The idea for this post came to me today after I had a conversation with my friends about sex and more specifically, revoking consent.
There was a tweet by New vision talking about a new law that could ‘bite’ husbands if they refused to stop in the middle of sex after they had been asked to. I failed to find a corresponding news article but they were probably talking about the sexual offences bill.
Needless to say the comments were a mess. Clearly, Ugandan men, and tragically, women don’t understand consent.
Some said it would break families and cause infidelity, that the law is a western concept. On Sanyu FM, when the issue was discussed on the morning show, the male presenter said men would now have to secretly record their sexual encounters so that they could have proof that she said didn’t say no. He also implied that the women were being selfish by asking to stop after they climaxed yet the man hadn’t. (Bold of him to assume most women who have sex with men are actually having orgasms, but that’s a topic for another day)
I’ll just get right to it, if you have sex with someone without their Consent it is rape. Consent should be enthusiastic and explicit, not coerced, it should be informed and conscious. It should be continuing, and it is revocable. Consent needs to be constantly renegotiated. Just because you agree to marry someone doesn’t mean you have given blanket consent to any and everything at anytime; just because you had sex with someone yesterday doesn’t mean they automatically consent to sex with you today.
These rules apply to everyone regardless of their gender. You may consent to a blowjob, but not penetrative sex. You may consent to penetrative sex, but not to have the encounter recorded. For those in doubt, these rules apply to sex-workers as well. They may agree to have sex but on the condition that the client wears a condom, if the client stealthily removes the condom, it is rape. Because that is not the sex they consented to.
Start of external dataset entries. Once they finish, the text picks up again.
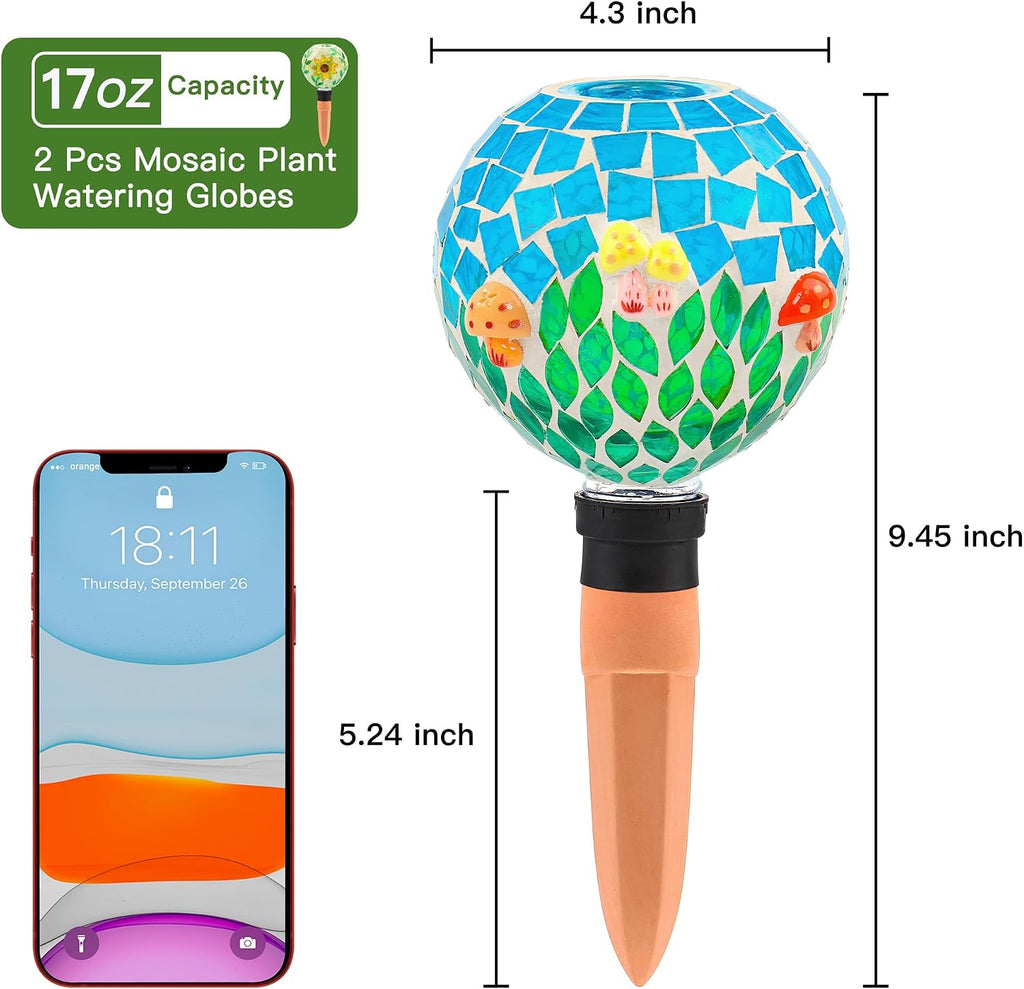 SAVENNA Mosaic Plant Watering Globes with Terracotta Spikes, 17oz Glass Self Watering Globes for Indoor & Outdoor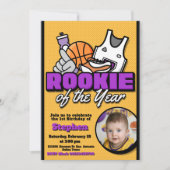 ルーキー・オブ・ザ・イヤー - バスケットボールと写真付き 招待状 (正面)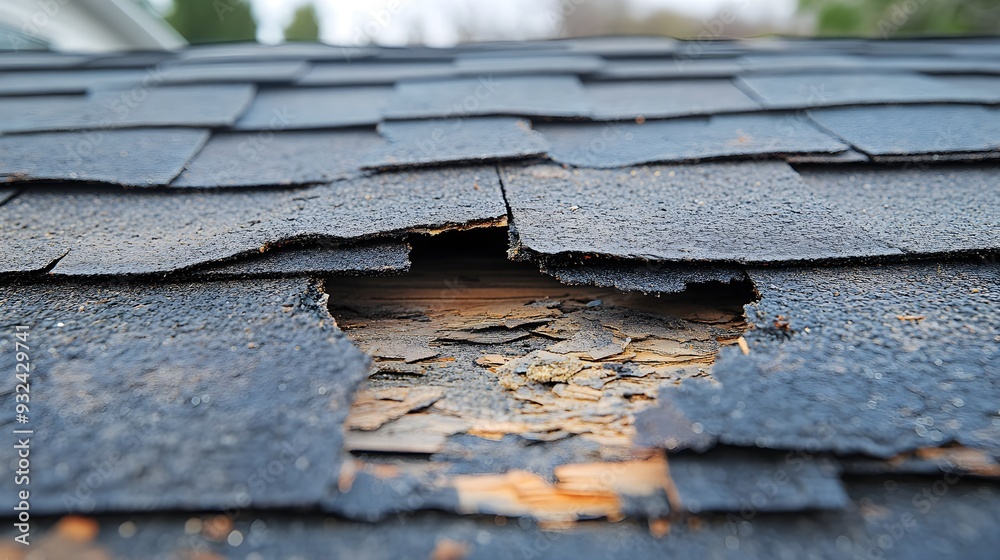 Fototapeta premium Hail-damaged roof, with broken shingles, missing granules, and visible water leaks, indicating the roof's compromised waterproofing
If you subsequently refuse to pay the sex-worker, you have raped them, (those “it’s theft” jokes aren’t slick, they’re dehumanising and shallow) because the only reason they agreed to have sex was on the condition that they would receive payment afterwards.
You have a right to revoke your consent in the middle of sex. It could be because it hurts, because it’s boring, because it brings back traumatic memories, because you’re no longer turned on or because you want some food more than you want sex. The only thing that matters is that you want it to stop. Sure, it may be disappointing to your partner, but they won’t die and if they truly care about you, they will be concerned about your well-being.
Let’s move away from sex because some people’s brains get cloudy and they fail to reason well. You may agree to lend someone some money. You’re allowed later not to lend them that money. It could be because you heard from someone that they are the type who make you plead for your own money when it’s time to pay back, or it could be because you have an emergency. You could hear them say something distasteful about someone you love, you may develop a craving for expensive food. What remains is that it is your money and you have a right not to give it. They may be disappointed, even angry but they can’t make you give them the money, atleast, they shouldn’t.
This example is in honour of parte after parte. You and your friends may agree to go for Enjoyments and you may be excited and looking forward to it, that is, until the day comes and you no longer want to go. Forgive me if I’m wrong, but we have all been in this position. Maybe you took a pre-turnup nap and it has even started raining and your bed is just so sweet, maybe you develop cramps (the type which need you to sit on the toilet for 30 minutes) or the person you have been clowning for finally agrees to hang out with you or maybe something happens which ruins your mood and kills the hype. You have the right to not go. If your friends insist and you actually go and end up having fun that’s great, but sometimes they do and you end up hating the night, your resentment building every minute that goes by.
It’s concerning that some people are comfortable with having sex with a person who doesn’t want to be having sex with them. Look beyond yourself and your interests, there are worse things than interrupted coitus, you will live. And with the way the world is gloriously progressing, do you really want to risk it? It may not hurt you now, but it may come to bite you ten years from now when societal attitudes will have changed and you alone will have ruined your own life over 20 more seconds of underwhelming thrusts. Mwebereremu.